# New Financial requirements on Spouse Visa



## emmadee (Dec 24, 2012)

Hi there-we are currently applying for my spouse to move to the UK. I was wondering do the new financial requirements take into consideration both couples income i.e does are income become a joint income or do both of us have to be earning over 18k in order to qualify for the application?

Thanks


----------



## Leanna (Oct 22, 2012)

emmadee said:


> Hi there-we are currently applying for my spouse to move to the UK. I was wondering do the new financial requirements take into consideration both couples income i.e does are income become a joint income or do both of us have to be earning over 18k in order to qualify for the application?
> 
> Thanks


By the sounds of it you are currently in the UK and your spouse is not?

If that is the case no, only your (the sponsor) income counts towards the financial requirement.

If both of you are outside the UK, you have two options:

Either you (the sponsor) move to the UK, find a job that pays over £18,600. Wait 6 months and have your partner apply. 

or

If you currently have a job outside the UK that pays more than the equivalent of £18,600, all you need is a job offer in the UK over £18,600 that starts within 3 months to apply.


----------



## emmadee (Dec 24, 2012)

Thanks for the reply- yes I am in the UK and he is in the USA. Unfortunately I was on a career break for 2 yrs while studing a masters and have only been self employed for 6mths and just filed my tax return for 13k- this means that I will have to wait to April - end of tax year and file straight away- I will have earned over 18k by then. 
Only thing is we are having our official wedding with family August 7th in Ireland so really is cutting it fine..... very stressed about it all!!!


----------



## Leanna (Oct 22, 2012)

emmadee said:


> Thanks for the reply- yes I am in the UK and he is in the USA. Unfortunately I was on a career break for 2 yrs while studing a masters and have only been self employed for 6mths and just filed my tax return for 13k- this means that I will have to wait to April - end of tax year and file straight away- I will have earned over 18k by then.
> Only thing is we are having our official wedding with family August 7th in Ireland so really is cutting it fine..... very stressed about it all!!!


Yes, unfortunately you'll have to wait until you have 12 months of evidence to show that the previous 12 months you've earned over £18,600. 

Be sure to read up on the requirements for people who are self-employed - it is a much more complicated process than applying if you worked for a company.
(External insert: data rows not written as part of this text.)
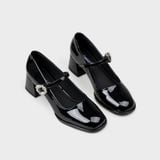 Giày Nữ Cao Gót Bít Mũi Vuông CHRISTINA-Q GBV186I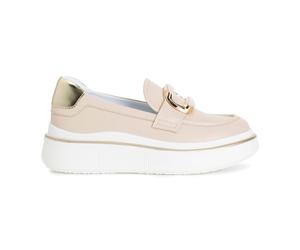 CafèNoir Mocassino Donna Platform con Morsetto Gioiello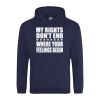 80/20 Midweight College Hooded Sweatshirt Thumbnail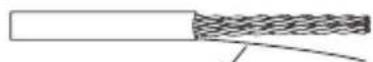 Tripp Lite N206PC50IND - IpomblneHbIe coeHHTeIbHbIe Ka6eNn Ka6eN 4PPoE (90 Br) - 4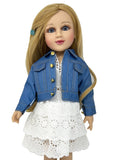 Olivia Rose 18" Slim Doll Carpatina Dolls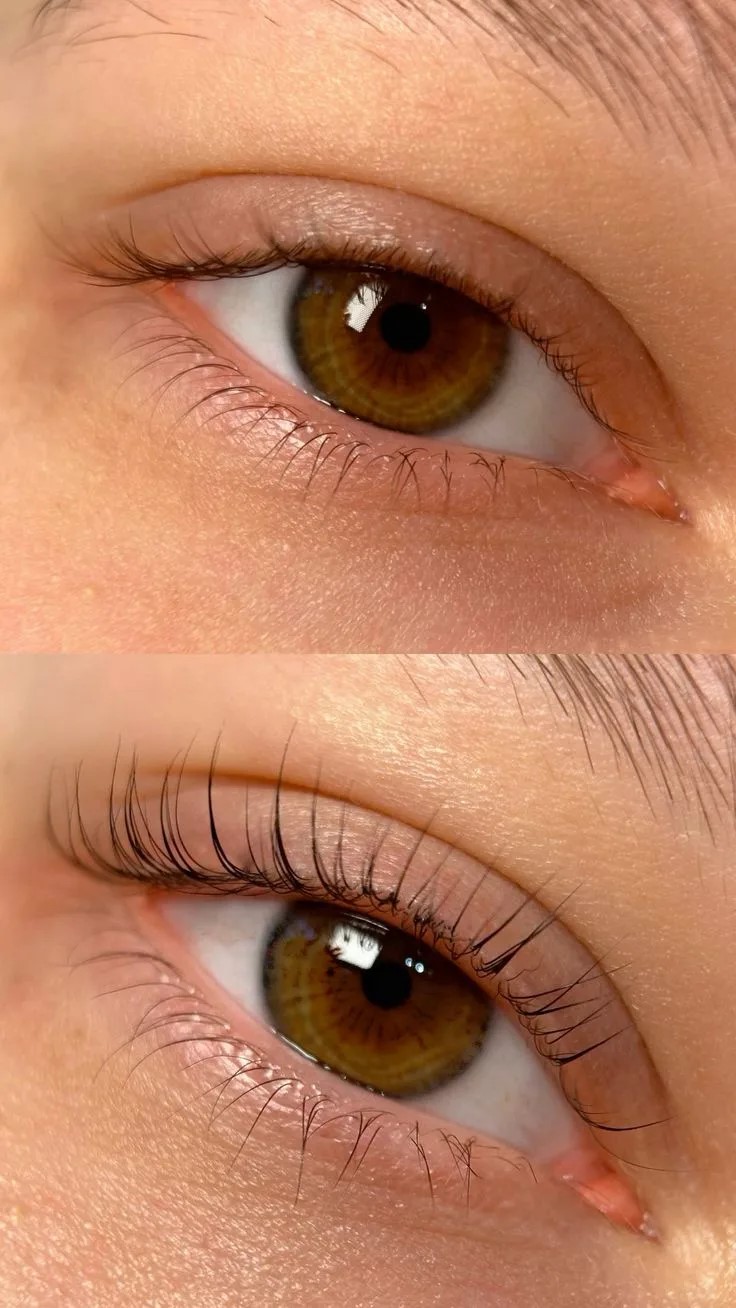 Ламинирование бровей и ресниц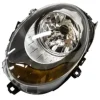 Phare optique avant gauche pour MINI F55/F56 2014-2021, ONE/COOPER, H4, orange, Neuf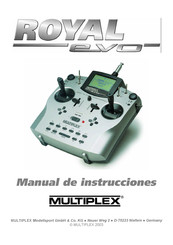 Multiplex ROYALEVO 9 Manual De Instrucciones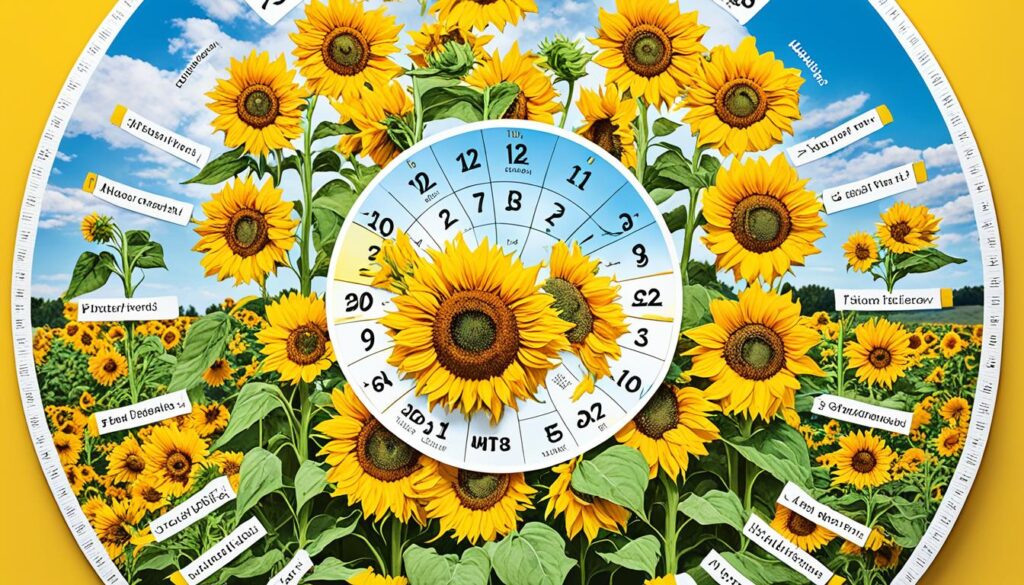 Sunflower Planting Calendar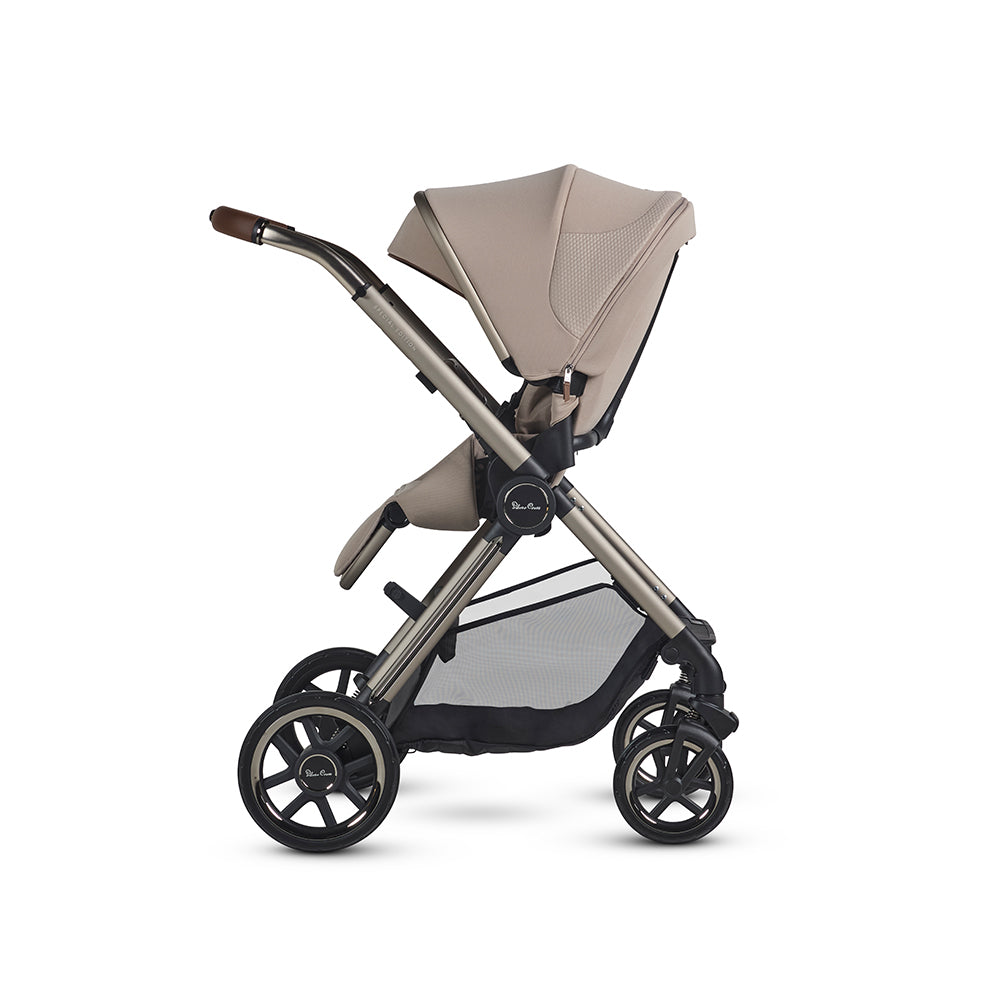 Silver Cross Reef 2 Special Edition Frappe with Carrycot (6 Piece) + FREE High Chair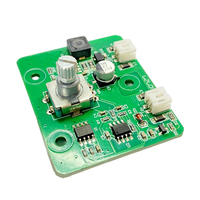 Service de conception de circuits imprimés télécommandés ODM Prototype carte contrôleur électronique fabricant de circuits imprimés en feuille FR-4 verte en usine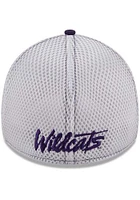New Era Northwestern Wildcats Mens Purple Team Neo 39THIRTY Iconic Flex Hat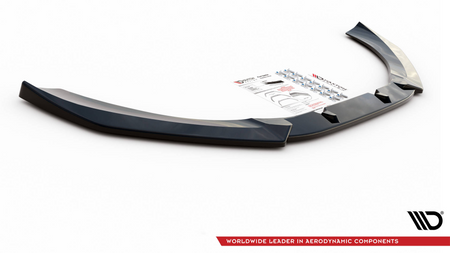 Splitter Audi RS6 C7 Front v.4 Gloss Black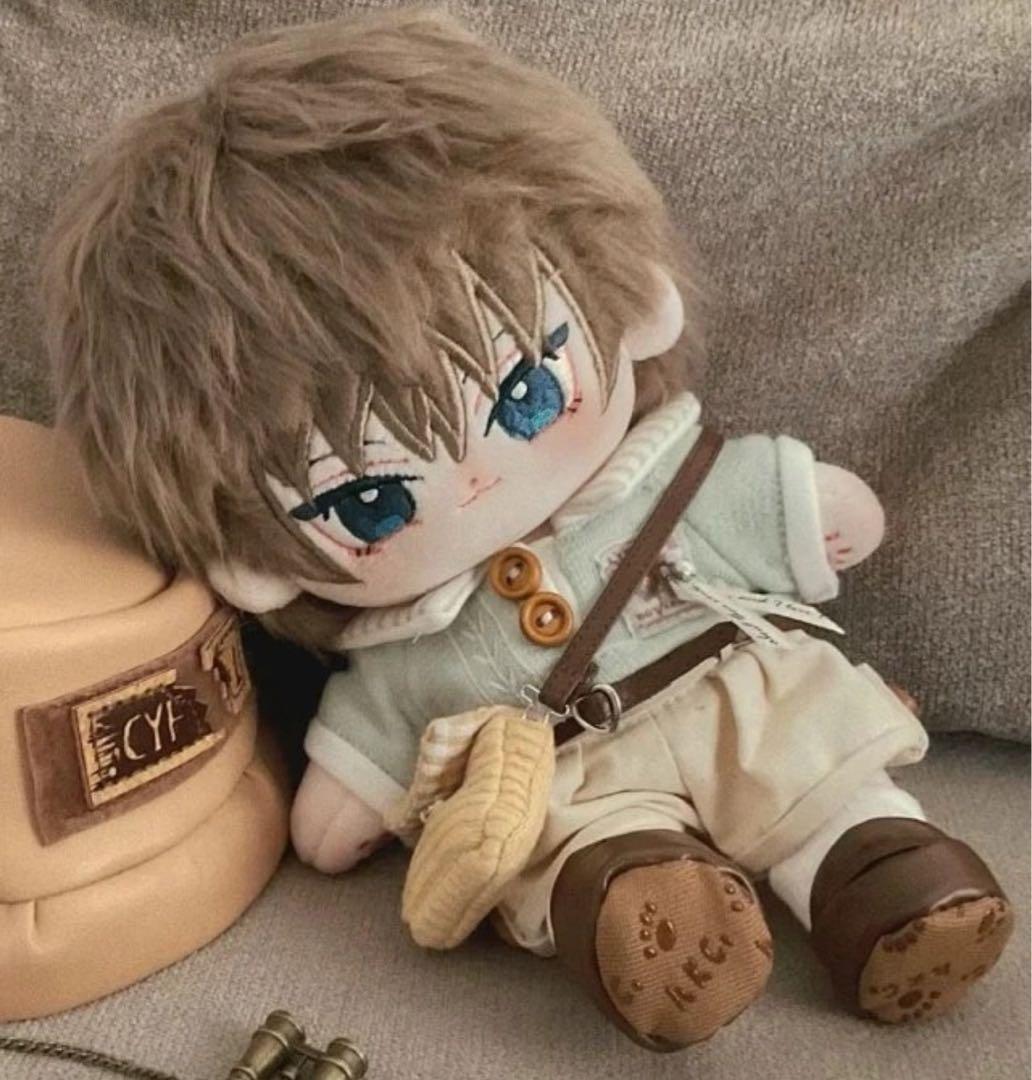 《茶髪青目》激レア可愛い着せ替えぬいぐるみ《20cmぬいぐるみ》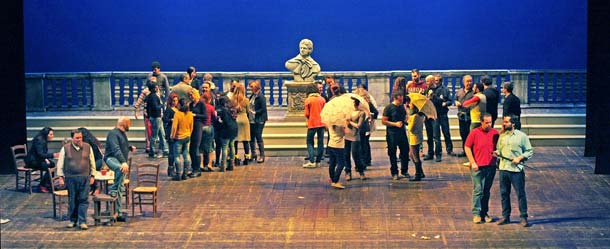 Prove dell'Andrea Chénier di Pisa Prove dell'Andrea Chénier di Pisa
Make sure your application, when you complete it, is 100% water-tight so there's no chance for delays. 

You could be cutting it close, application-wise, as many settlement visas take upwards of 8 weeks. If you have the ability to apply for 'priority', it might be worth considering. 

Not a bad idea to download the application forms now and start gathering your paperwork over the next few months. Will be much less stress than trying to rush to get everything done quickly.


----------



## emmadee (Dec 24, 2012)

Yes will be def applying for the fast track application!!! After dating for 10yrs this is just crazy- really is so stressful for people who are genuine! 
I have not came across any different recommendations for self employed people....other than providing 6 months of financial evidence.
I have started the application already!!!


----------



## Leanna (Oct 22, 2012)

emmadee said:


> Yes will be def applying for the fast track application!!! After dating for 10yrs this is just crazy- really is so stressful for people who are genuine!
> I have not came across any different recommendations for self employed people....other than providing 6 months of financial evidence.
> I have started the application already!!!


Good idea!

Read Section 9 here: http://www.ukba.homeoffice.gov.uk/s...DIs/chp8-annex/section-FM-1.7.pdf?view=Binary

All about providing financial proof for the self-employed.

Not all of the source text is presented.